(Stored entries)
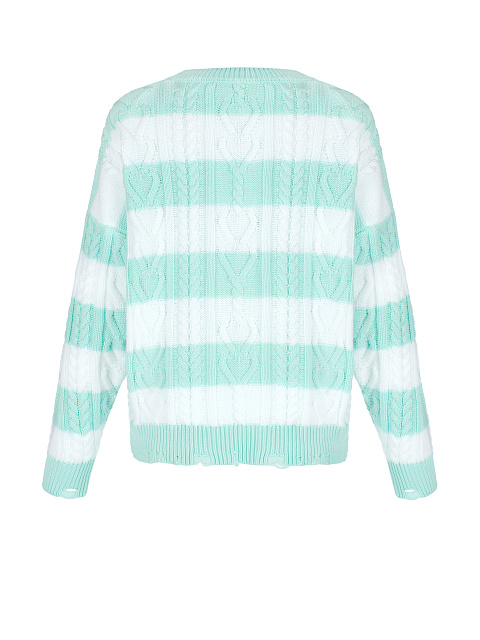 White & Mint Striped Distressed Cable Knit Sweater, 2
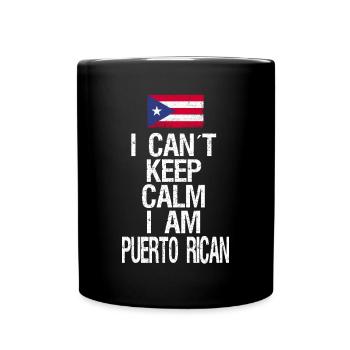 Je ne peux pas rester calme Je suis portoricain - Mug uni - noir - Devant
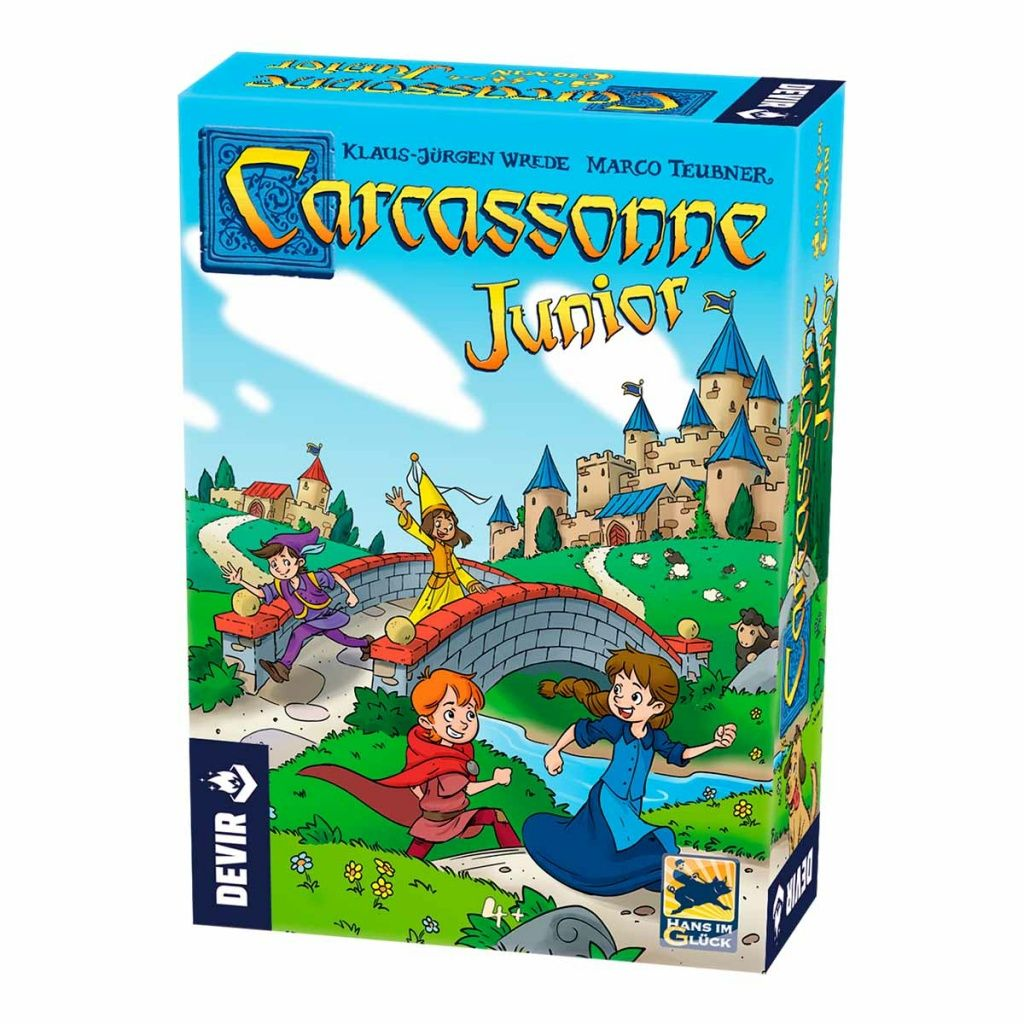 Caja de Carcassonne Junior. Escena de dibujos animados: niños cruzando un puente hacia un castillo. Colores brillantes: cielo azul, hierba verde, personajes.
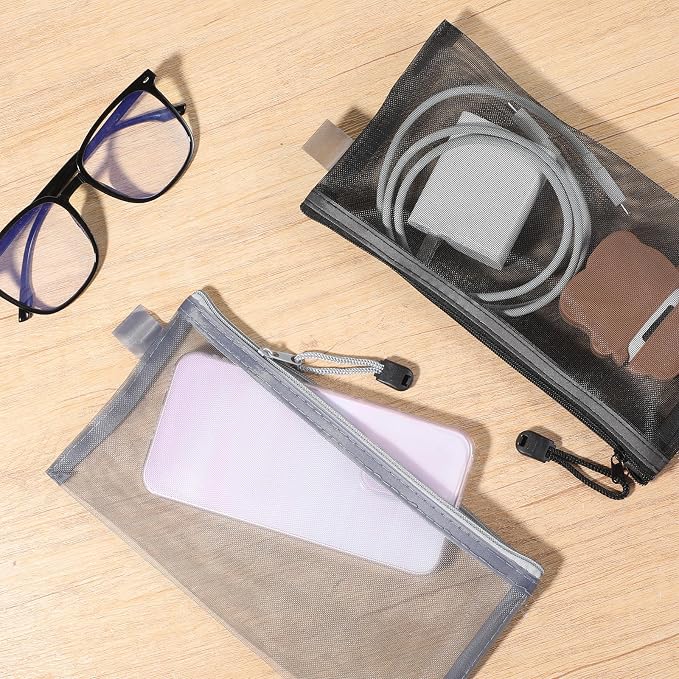 6 PCS Mesh Zipper Makeup Pouch Bags, Nylon Mesh Zipper Cosmetic Bags, Portable - Image 5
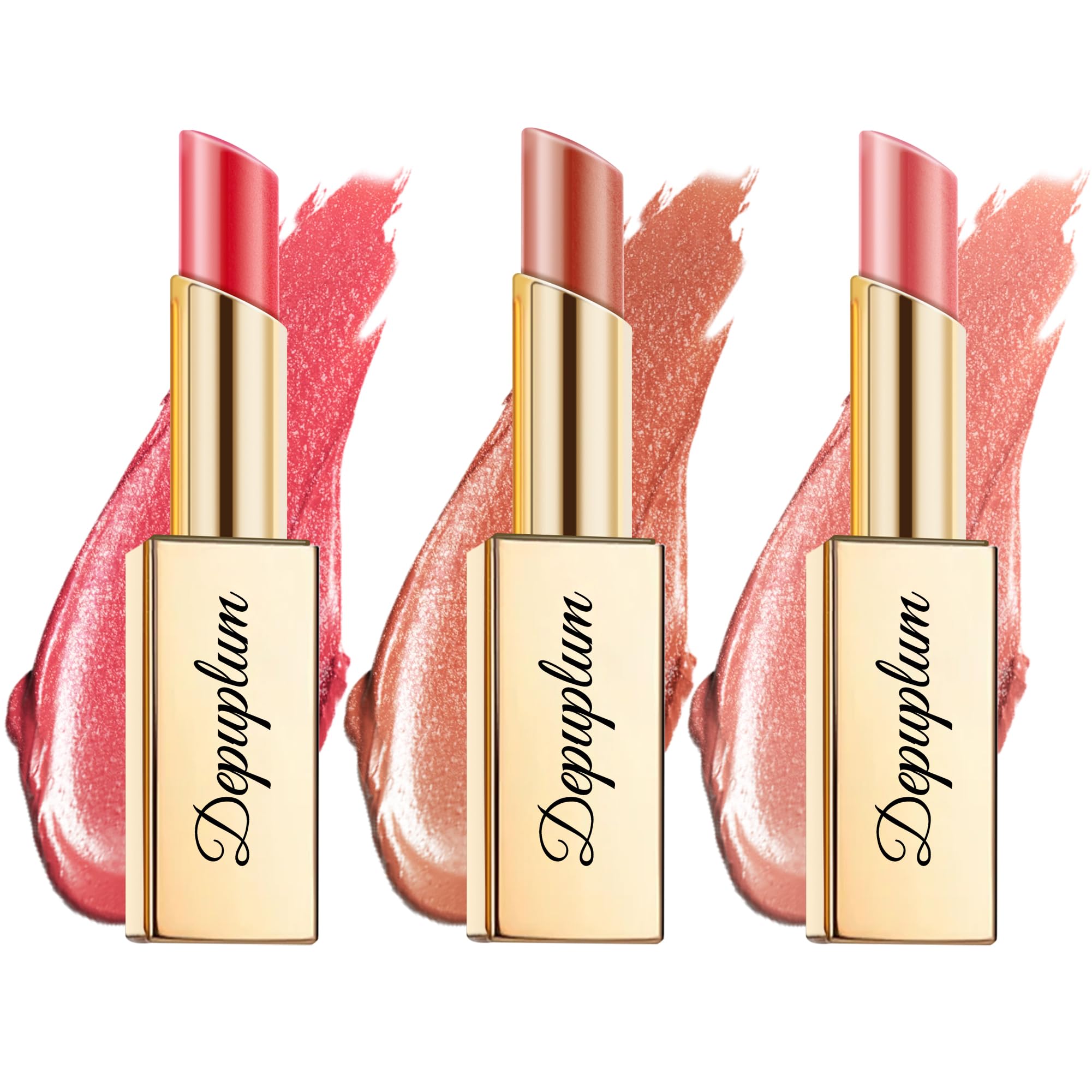 Depuplum Lipstick Set DM108/111/118 – Red, Brown & Nude Hydrating Shimmer Lip Gloss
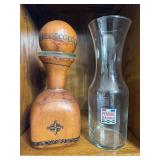 Leather Decanter & Penske Glass Vase
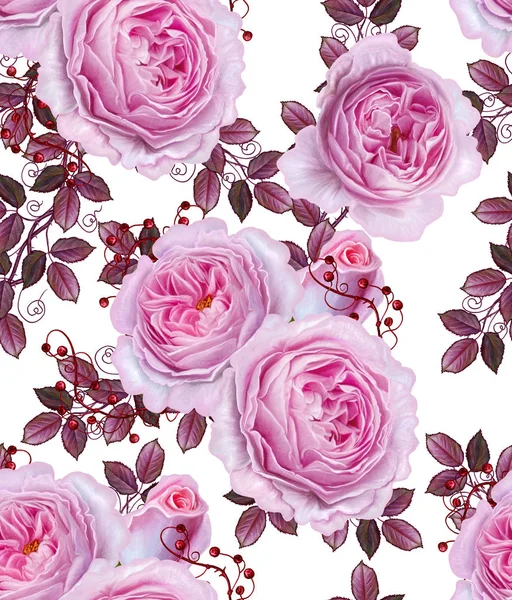 Varrat nélküli virágmintás. Szép finom rózsaszín rózsa ága — Stock Fotó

_Description of the task_
Retype exactly the lines from the one containing "Leather Decanter & Penske Glass Vase" through the last line of the records above, both included, and leave out any pictures.

_Response box_
 Leather Decanter & Penske Glass Vase
 Varrat nélküli virágmintás. Szép finom rózsaszín rózsa ága — Stock Fotó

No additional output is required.